#### EXERCISE OBJECTIVE
Word for word, copy the entire listing below, but do not carry over any pictures.

########

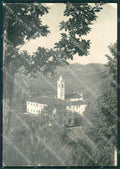 Alessandria Molare Santuario PIEGATA Foto FG cartolina KB2227 – fronte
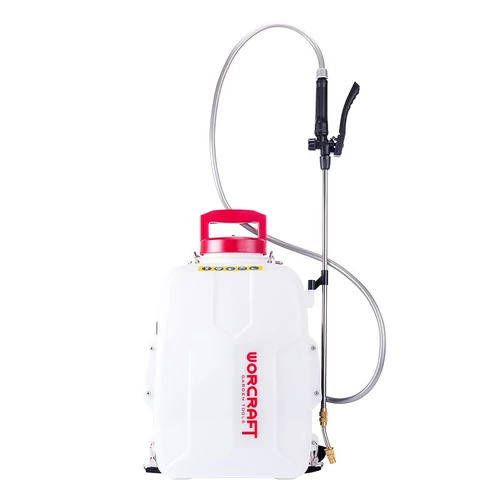 Permetező Worcraft CBS-S20Li ShareSYS, 20V Li-Ion, 12 liter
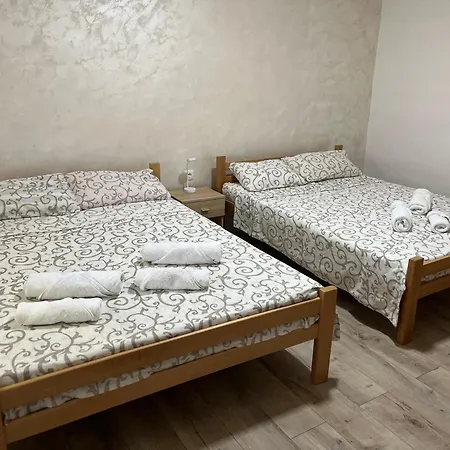 Cajica Avlija Prázdninový dům Obrenovac (Belgrade)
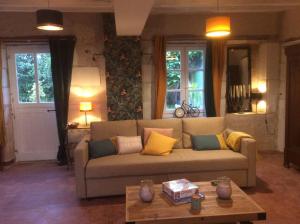 Maisons de vacances Bblodges Loches Beauval : photos des chambres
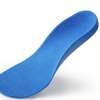 Orthopaedic Silicone Insoles for kids with flat foot thumb 3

########

#### FINAL ANSWER
 Alessandria Molare Santuario PIEGATA Foto FG cartolina KB2227 – fronte
 Permetező Worcraft CBS-S20Li ShareSYS, 20V Li-Ion, 12 liter
 Cajica Avlija Prázdninový dům Obrenovac (Belgrade)
 Maisons de vacances Bblodges Loches Beauval : photos des chambres
 Orthopaedic Silicone Insoles for kids with flat foot thumb 3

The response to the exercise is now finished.